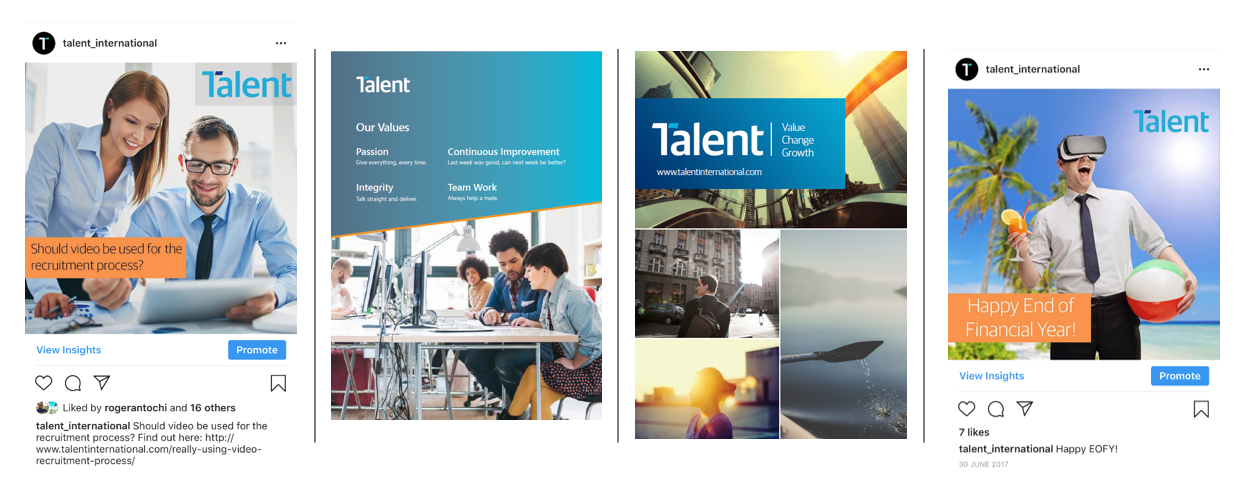 Rebrand and marketing
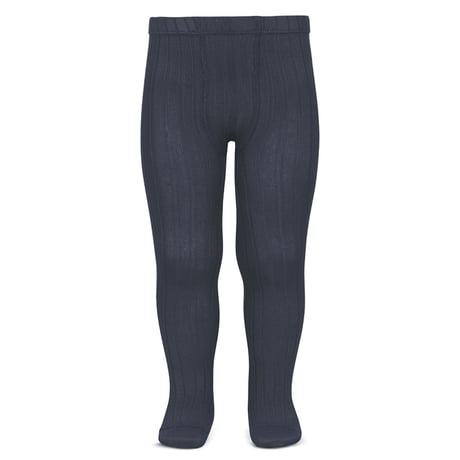 〈Condor〉Rib Tights (Carbon) NO.257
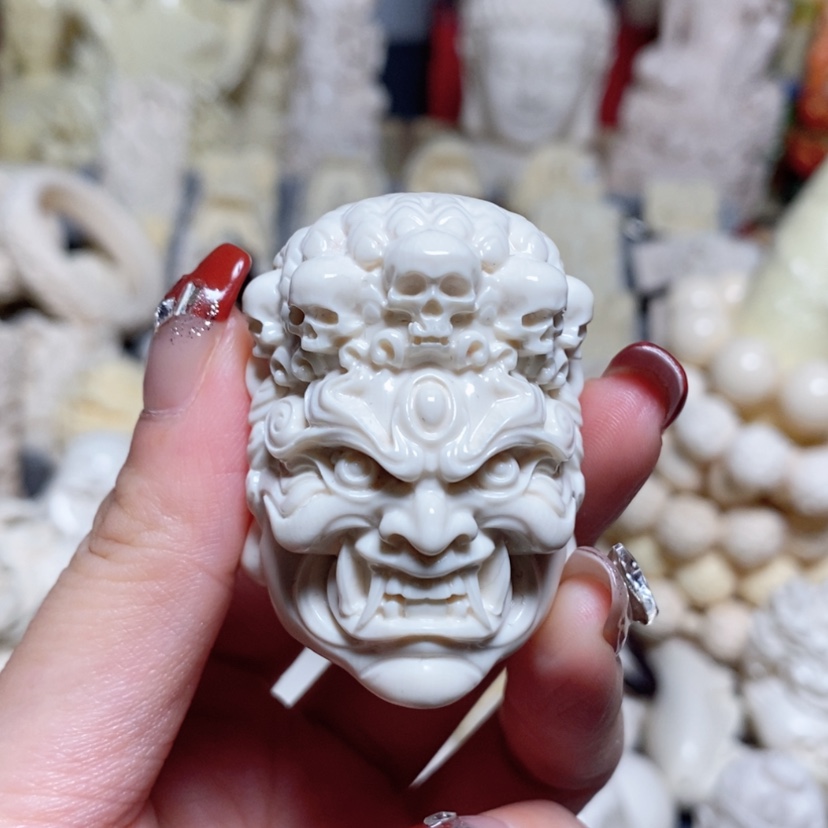 【闪购商品】白根雕-*-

- - -

▶ [THE PROBLEM]
Please set down each line of the data above exactly as written, without the pictures.

▶ [SOLUTION TO THE EXERCISE]
 Rebrand and marketing
 〈Condor〉Rib Tights (Carbon) NO.257
 【闪购商品】白根雕-*-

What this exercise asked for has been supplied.